Rhianna Southby

Personal information
- Full name: Rhianna Mae Southby
- Born: 16 October 2000 (age 25) Hounslow, Greater London, England
- Batting: Right-handed
- Role: Wicket-keeper

Domestic team information
- 2016–2023: Surrey
- 2018–2019: Surrey Stars
- 2020–2022: South East Stars
- 2021: Oval Invincibles
- 2023–2024: Southern Vipers
- 2023–2025: Southern Brave
- 2025: Hampshire
- 2026: Welsh Fire

Career statistics
| Competition | WLA | WT20 |
| Matches | 77 | 95 |
| Runs scored | 731 | 686 |
| Batting average | 16.24 | 17.58 |
| 100s/50s | 0/3 | 0/4 |
| Top score | 72 | 64 |
| Catches/stumpings | 42/24 | 30/48 |
- Source: CricketArchive, 25 August 2025

= Rhianna Southby =

English cricketer (born 2000)

Rhianna Mae Southby (born 16 October 2000) is an English cricketer who currently plays for Hampshire and Welsh Fire. She plays as a wicket-keeper and right-handed batter. She previously played for Surrey Stars, South East Stars, Southern Vipers, Oval Invincibles and Southern Brave.

==Domestic career==
Southby made her county debut in 2016, for Surrey against Warwickshire, in which she took one catch and made one stumping. The same season, she played four matches in the Twenty20 Cup, in which Surrey won promotion to Division 1. Two seasons later, Southby was ever-present as Surrey won promotion to Division 1 of the County Championship. In 2021, Southby scored 78 runs in the Twenty20 Cup, with a high score of 32. She scored 96 runs in the 2022 Women's Twenty20 Cup, including her maiden Twenty20 half-century, scoring 50 against Hampshire.

Southby was also part of the Surrey Stars squad in the Women's Cricket Super League in 2018 and 2019. She played three matches across the two seasons, and made two stumpings.
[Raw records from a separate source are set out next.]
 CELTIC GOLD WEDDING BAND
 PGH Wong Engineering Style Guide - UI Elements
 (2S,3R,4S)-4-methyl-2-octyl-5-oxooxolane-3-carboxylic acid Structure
In 2020, Southby played for South East Stars in the Rachael Heyhoe Flint Trophy. She appeared in all six matches, scoring 32 runs, taking 1 catch and making 3 stumpings. In 2021, she played three matches in the Rachael Heyhoe Flint Trophy, as well as being part of the Oval Invincibles winning squad in The Hundred. In 2022, she played five matches for South East Stars, all in the Rachael Heyhoe Flint Trophy, scoring 85 runs including her maiden List A half-century, scoring 54 against Western Storm. At the end of the 2022 season, it was announced that Southby had joined Southern Vipers. In April 2023, it was announced that Southby had signed a professional contract with her new side.
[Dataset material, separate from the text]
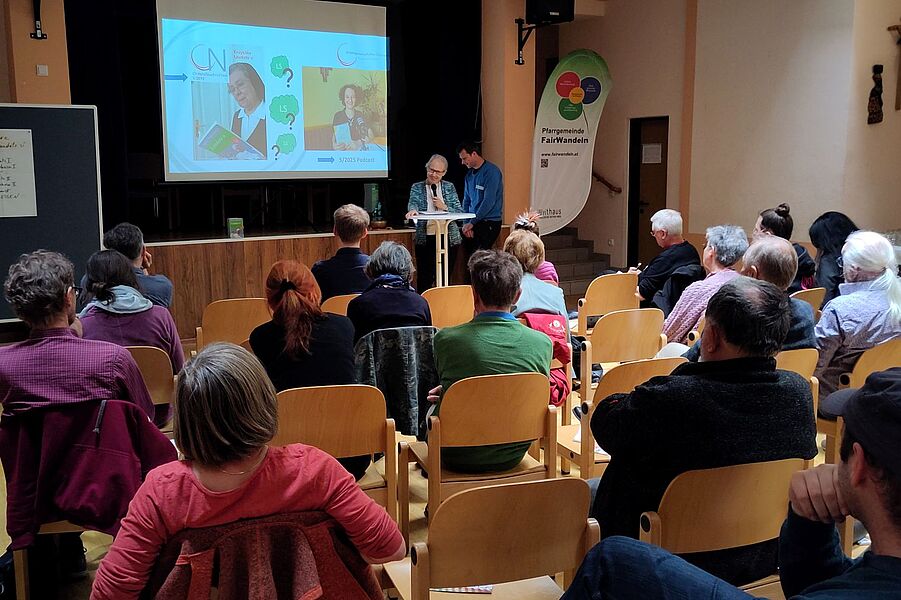 Am 24. Mai 2025 – dem zehnjährigen Jubiläum der Enzyklika „Laudato Si“ – trafen sich Umweltaktivist:innen zum Austausch, Vernetzen, Beten und Feiern. / P. Franz Helm SVD Am 24. Mai 2025 – dem zehnjährigen Jubiläum der Enzyklika „Laudato Si“ – trafen sich Umweltaktivist:innen zum Austausch, Vernetzen, Beten und Feiern.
In 2023, she played 14 matches for Southern Vipers, all in the Rachael Heyhoe Flint Trophy, taking ten catches and completing five stumpings. She also played nine matches for Southern Brave in The Hundred, achieving 11 dismissals. She was named Player of the Match during Brave's victory over Northern Superchargers, as she took two catches and completed two stumpings. In 2024, she played 24 matches for Southern Vipers, across the Rachael Heyhoe Flint Trophy and the Charlotte Edwards Cup, making 23 dismissals.